It was the first time this season Seattle hit back-to-back home runs and served as the first extra-base hit allowed by Holland to a left-handed batter this season. Over his last 33 starts, Seager and Cano are the only left-handed hitters to homer off Holland.

“I made a mistake on Dae-Ho Lee, and these guys are paid to do what they did,” Holland said. “Seager, he got a hold of me on that one, hats off to him. I made the pitch I thought I needed to do and he turned on it and got the home run. It just wasn’t my night. I made a couple bad pitches and they cost me.”

Holland allowed five runs and five hits with two walks and three strikeouts over five innings.

After retiring 10 straight batters, Ryan Rua and Mitch Moreland homered off Iwakuma in the seventh inning to narrow the gap to 5-3.

Iwakuma allowed seven hits with a walk and three strikeouts.

“Really nice job by Kuma tonight,” Servais said. “Outstanding effort. He went right after them. He pitched well against them 5-6 days ago and to come back again today and do it against a really hot club was great.”

Jurickson Profar singled and came around to score on an RBI double by Desmond to close the deficit to 5-4 in the eighth inning.

A wild pitch from Shawn Tolleson allowed Cruz to reach first base after striking out to lead off the bottom of the inning. A groundout by Lee moved Cruz to second and Seager was intentionally walked. Chris Iannetta slapped a single into left field and Cruz was held at third, but the throw from Rua missed the cutoff man and bounced past Tolleson and catcher Robinson Chirinos as Cruz sprinted home to give Seattle a 6-4 lead.

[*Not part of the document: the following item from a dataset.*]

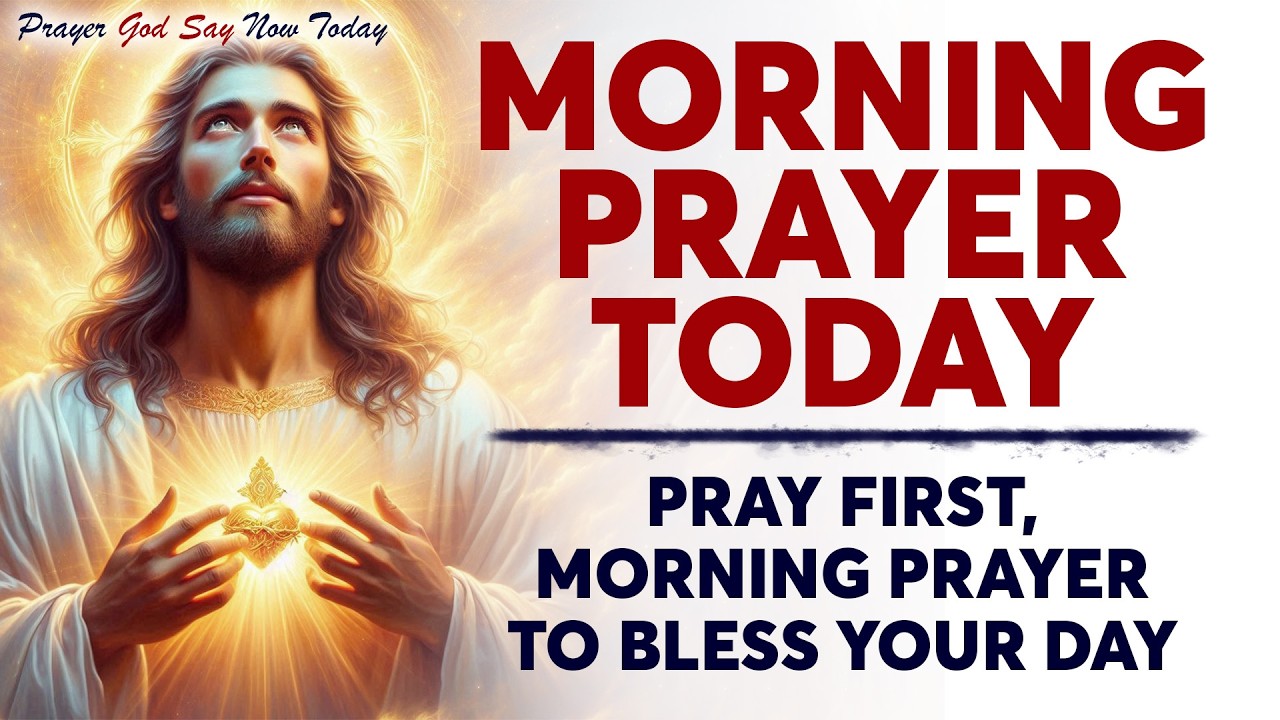 MORNING PRAYER TODAY🙏 Pray First, Morning Prayer To Bless Your Day | Pray And Watch What Happens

Seth Smith’s sacrifice fly gave the Mariners an insurance run heading to the ninth.

Moreland added another solo shot off Cishek in the ninth inning.

RECORD SETTERS

With Lee’s two home runs Friday night, Seattle became just the third team in major league history to have a player hit two home runs in four consecutive games. Against Cleveland, Cruz hit two home runs on Tuesday, Iannetta hit two on Wednesday and Cano hit two on Thursday before Lee’s two home runs against Texas on Friday night. The 1998 Chicago Cubs and 2000 Cleveland Indians also accomplished the feat. However, Seattle is the only team to do so with four different players.

TRAINER’S ROOM

Rangers: 3B Adrian Beltre isn’t expected to play in this weekend’s series in Seattle after suffering a strained left hamstring on Wednesday. Beltre was only available in an emergency situation on Friday night. … RHP Yu Darvish threw a bullpen session on Friday and is on schedule to start Monday against Oakland. He left Wednesday’s start early due to neck soreness. … OF Shin-Soo Choo (hamstring) is scheduled to play two rehab games Friday and Saturday with Triple-A Frisco. If all checks out, Choo could come off the DL on Monday in Oakland.

UP NEXT

Rangers: RHP Colby Lewis (5-0, 3.20 ERA) has a 1-0 record with four runs allowed in 12 innings in two starts against Seattle this season. Took a no-decision in his last start against Houston, allowing four runs, three earned, and eight hits over six innings.

Mariners: LHP James Paxton (0-2, 3.72 ERA) will make his third start of the season after being called up to replace an injured Felix Hernandez in the Mariners’ rotation. Despite taking the loss, Paxton pitched well last time out against Cleveland. He allowed one earned run and five hits with 10 strikeouts.